▶ [MATERIAL FOR THIS TASK]
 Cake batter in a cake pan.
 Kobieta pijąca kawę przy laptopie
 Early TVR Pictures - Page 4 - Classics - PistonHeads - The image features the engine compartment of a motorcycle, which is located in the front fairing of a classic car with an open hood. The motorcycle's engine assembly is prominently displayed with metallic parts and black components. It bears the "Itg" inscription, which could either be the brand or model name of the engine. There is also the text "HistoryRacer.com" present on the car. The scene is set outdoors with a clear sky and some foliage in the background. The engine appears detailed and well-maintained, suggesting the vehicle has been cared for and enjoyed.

==

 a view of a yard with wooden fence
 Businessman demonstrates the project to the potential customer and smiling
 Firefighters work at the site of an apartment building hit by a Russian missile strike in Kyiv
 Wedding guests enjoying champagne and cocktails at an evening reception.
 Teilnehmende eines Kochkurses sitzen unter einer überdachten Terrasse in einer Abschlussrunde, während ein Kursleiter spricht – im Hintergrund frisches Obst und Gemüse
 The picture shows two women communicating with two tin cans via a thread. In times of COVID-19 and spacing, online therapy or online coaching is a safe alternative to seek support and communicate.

...

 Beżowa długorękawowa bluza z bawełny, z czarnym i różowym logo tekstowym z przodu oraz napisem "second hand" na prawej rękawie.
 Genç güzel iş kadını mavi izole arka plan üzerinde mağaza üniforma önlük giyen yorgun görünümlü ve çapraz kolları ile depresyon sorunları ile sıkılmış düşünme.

▶ [EXERCISE INSTRUCTIONS] Which lines run from the one holding "Cake batter in a cake pan." through the one holding "Kobieta pijąca kawę przy laptopie" in the records above? Repeat them exactly, both included, and nothing more.

▶ [WRITTEN SOLUTION]
 Cake batter in a cake pan.
 Kobieta pijąca kawę przy laptopie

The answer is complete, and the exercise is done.